After receiving his Ph.D. from the UW in 1981, Wasser continued to develop and apply scat-based physiological measures, first as a Smithsonian Institution researcher and later with a joint appointment at the Woodland Park Zoo and in the Department of Obstetrics and Gynecology at the UW School of Medicine. In 2001, he was awarded an endowed professorship in conservation biology and launched the Center for Conservation Biology, which aims to use non-invasive techniques like scat analysis to answer major conservation questions.
They work hard if they know they’ll get to chase their ball around at the end.
During the mid-’90s, as Wasser was getting more involved in conservation questions, he was also mulling over the problem of sampling bias in his studies. Among many species, for example, males use scat to mark their territory, leaving deposits on trails where they’re easy for human researchers to find. Lactating females, by contrast, often hide their scat. How could Wasser ensure a representative sampling of, well, samples?
That’s how the dogs got involved. “It came to me that if we could train narcotics dogs to instead find scat, that would be the perfect thing,” Wasser recalls.
Good conservation dogs, like good narcotics dogs, are ones with a high play drive—”they are just insane about a tennis ball,” as Wasser puts it. That quality makes these pups hard to keep as pets—the dogs in Wasser’s program are all pound rescues—but it also means they work hard if they know they’ll get to chase their ball around at the end. “So the beauty of this is that when these dogs are out in the wilderness looking for scat, they don’t really care about the scat,” whether it comes from a male or a female, an adult or a juvenile, or is hidden or out in the open. “They care about the ball,” and will do whatever they can to find the scat and earn their reward.
Wasser first put the dogs to the test in a study of grizzly and black bears in Alberta, Canada. Studies of kit foxes in the Mojave Desert, weasel-like Pacific fishers in California and giant armadillos in Brazil, among other species, followed—all resounding successes. A single dog can be trained to find scat from up to 18 different wildlife species, and can smell a sample up to half a kilometer away on land and one nautical mile away on the water. Recently, four dogs worked in the tar sands of northern Alberta for 10 weeks and found 1,600 samples of caribou, moose, and wolf scat—all under at least two feet of snow. This summer, dogs will journey to Cambodia for a study of tigers, and Indonesia and Malaysia for a study of rhinoceroses.
When they’re not working, the dogs live at a new state-of-the-art kennel facility in the UW’s Pack Experimental Forest, with 4,300 acres of wilderness nearby for training, exercising and keeping the animals in top mental form.
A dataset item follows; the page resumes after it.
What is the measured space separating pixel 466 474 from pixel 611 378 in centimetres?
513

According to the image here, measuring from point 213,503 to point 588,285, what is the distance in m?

At the Pack Forest facility, Wasser’s group is also working on teaching the dogs a new trick: distinguishing scat from different individual animals. Wasser got the idea for this project from a police-dog program in the Netherlands, in which dogs matched criminals to evidence from crime scenes. He thought that if dogs could distinguish individual humans by smell, perhaps they could also tell apart individual bears, caribou and so on. “Our dogs absolutely can do it,” Wasser reports. The approach could help stretch conservation dollars by minimizing the number of samples that need to be subjected to expensive DNA analysis.
Meanwhile, Wasser and Ayres—along with Tucker—wait for the orcas to converge on their summer grounds in Puget Sound again. This year, Wasser wants to gain more insight into how lack of food interacts with stress from boat traffic and environmental toxins to put the whales at risk. To do that, he hopes to get Tucker out on the water for the entire field season. “If you’re trying to partition these different factors,” he says, “you really need a lot of samples.”